The Favour of the King

Like many others, I enjoy keeping up with the British royals. The birth of the newest prince in July was exciting, not only because of the happiness of the young parents, but also because of all the history behind that little boy.

The new prince
The new prince

As I’ve read about kings and their courts and watched historical television shows and movies, I’ve noticed not only does the head that wears the crown lie uneasy (Henry IV, Shakespeare), but so did the heads of many in close proximity to the king. Anyone could be enjoying his favors one day and be on the chopping block the next. Even those closest to a king weren’t safe. In the days of Henry VIII, heads rolled with alarming frequency.
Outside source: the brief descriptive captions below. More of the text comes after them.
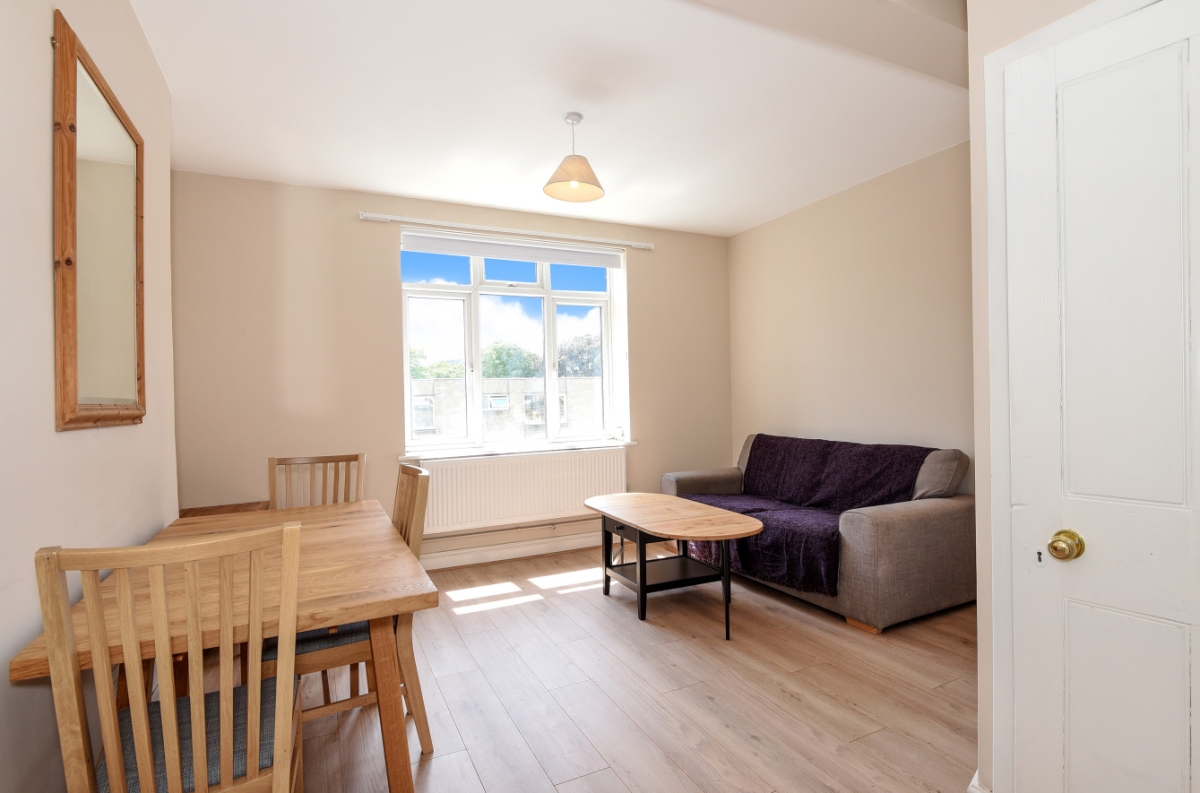 Crosby Row, London, SE1 - Kinleigh Folkard & Hayward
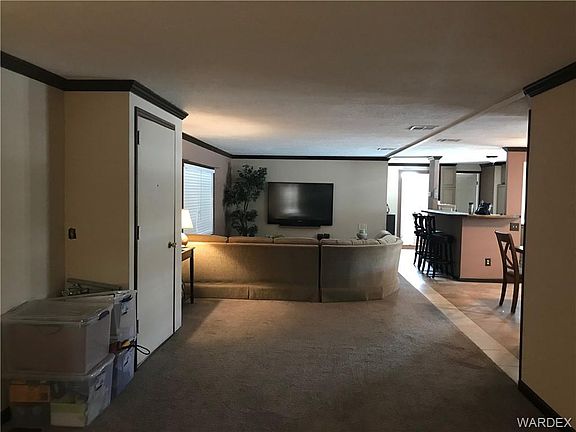 3rd image of 586 E Gordon Dr
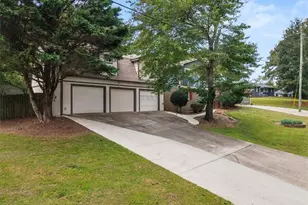 6054 Dogwood Cir, Buford, GA 30518 - Photo 3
In times past, kings arbitrarily decided whether or not someone pleased them. They often used people to further their own agendas. The court and sometimes the whole country held their collective breath when a king died, as they didn’t know if they were better off with the tyrant they knew or the one to come.

It’s easy to see why legalism came about and why we confuse God’s nature with characteristics of leaders, fathers and others in authority. To those living under a monarchy, the king was almost on the same level as God. What he said was law and everyone was at his mercy, even if they thought they were too far away to be noticed.
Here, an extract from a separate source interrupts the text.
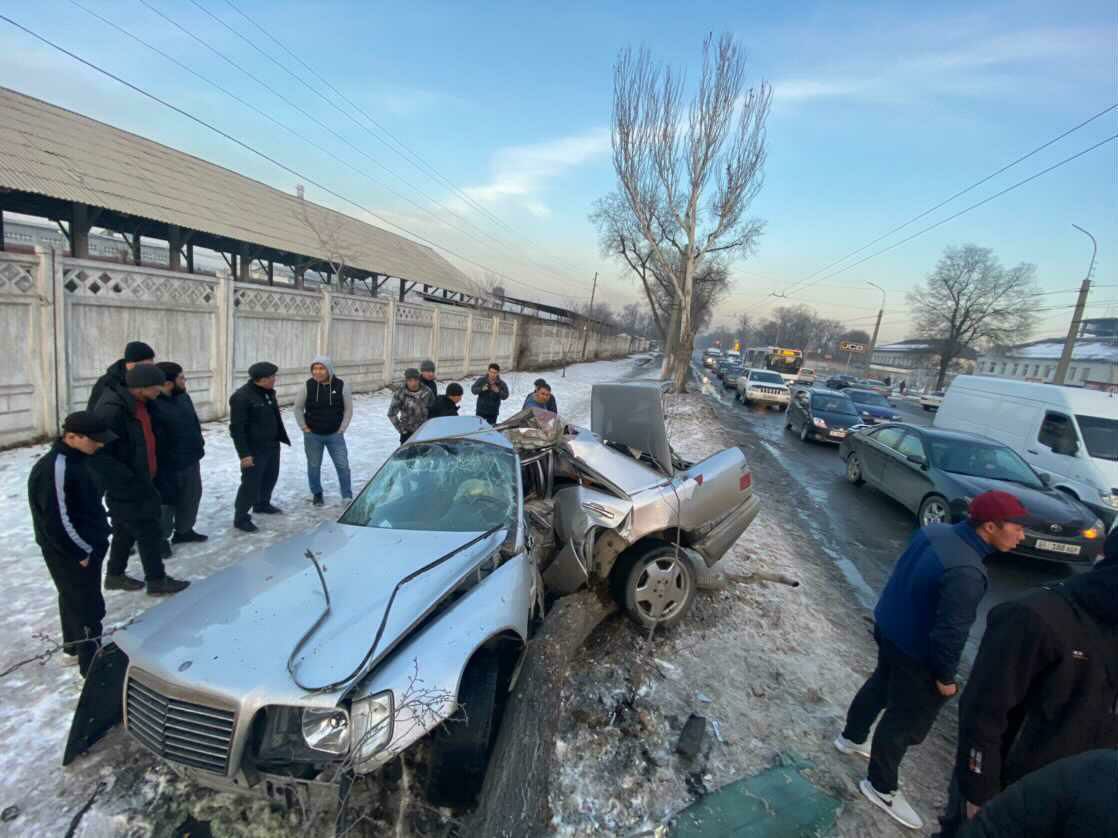 Машина всмятку. Водитель Mercedes не справился с управлением и врезался в  дерево - | 24.KG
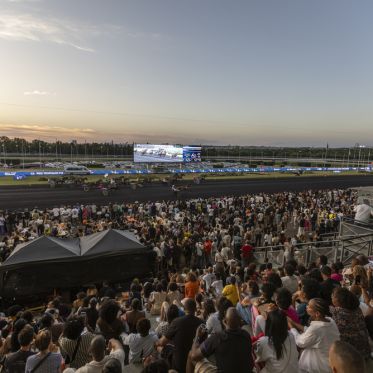 Soirées afterwork années 2000 à l’Hippodrome Paris-Vincennes - BV BV 9849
When we misunderstand who God is, we might think he also makes arbitrary laws, that we are at the mercy of his wrath and if we stay far enough away, we can fly under the radar. After all, he’s probably too busy to worry about everyone. He’s way off in heaven somewhere. Or we think if we can just stay in his good graces, we’ll be safe. For many, it’s all about gaining his favor by being good enough.

But God isn’t like human kings. He rules the universe with love, mercy and grace. He’s not arbitrary in any way and doesn’t play games with our lives. He values and respects us as the children he created. He doesn’t decide who lives and who dies on a whim, but allows us to live out our lives and make our own choices for better or for worse.
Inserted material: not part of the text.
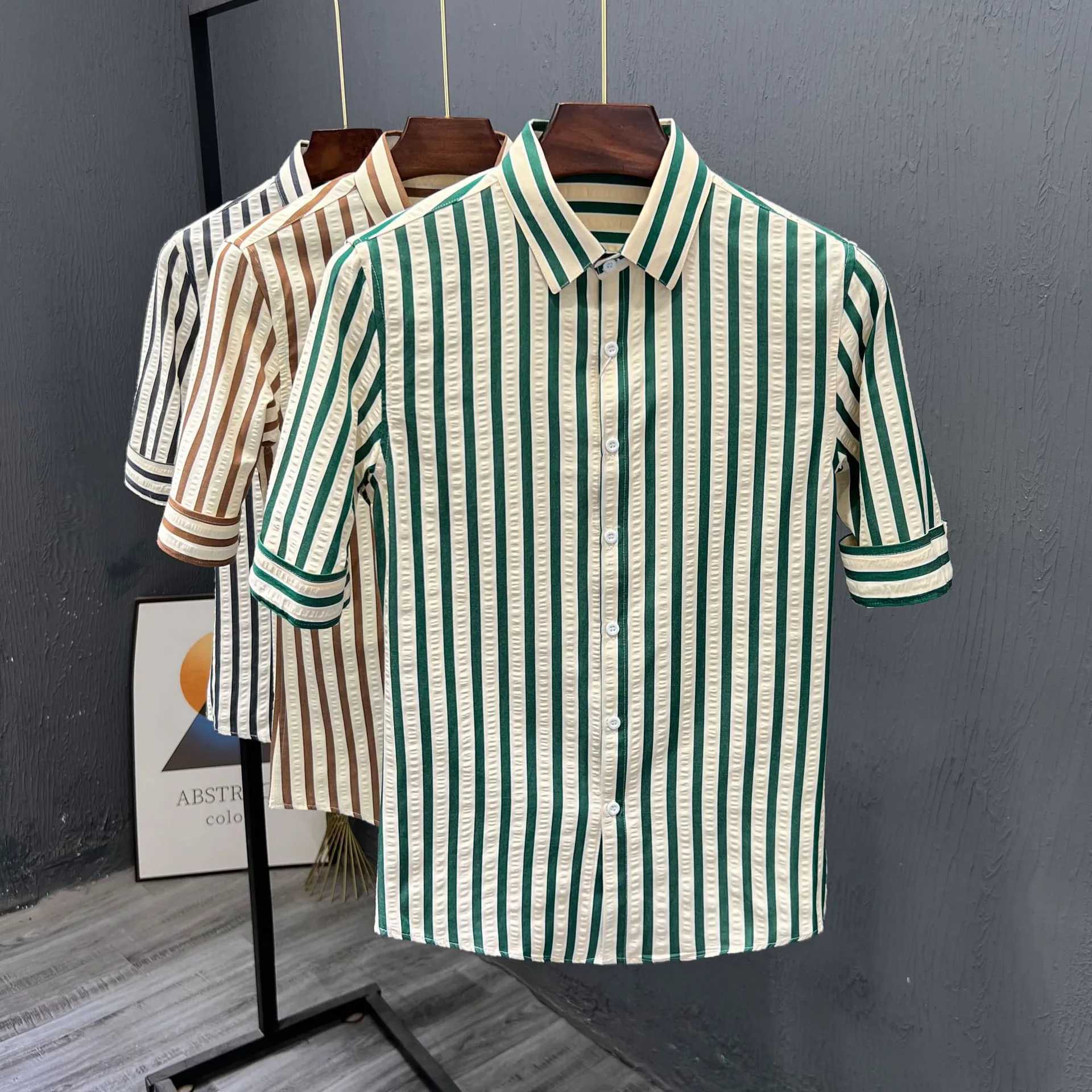 Men's Dress Shirts Men Stripes Shirts Short Slve 2023 Summer Turn-down Collar Tops Casual Fashion Blouse Slim Male Single-breasted Shirts Y240514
None of us, no matter what choices we make, have to worry about whether or not we are in the good graces of our King Jesus. We live in God’s grace – constant, loving and complete. He doesn’t put limits on his grace. He doesn’t give it one day and take it away the next.  We don’t have to earn it. Grace is always available, always abundant and unconditional, just like God’s love. Under the love and care of our King, our heads can rest easy on our pillows, for we always live in his good grace.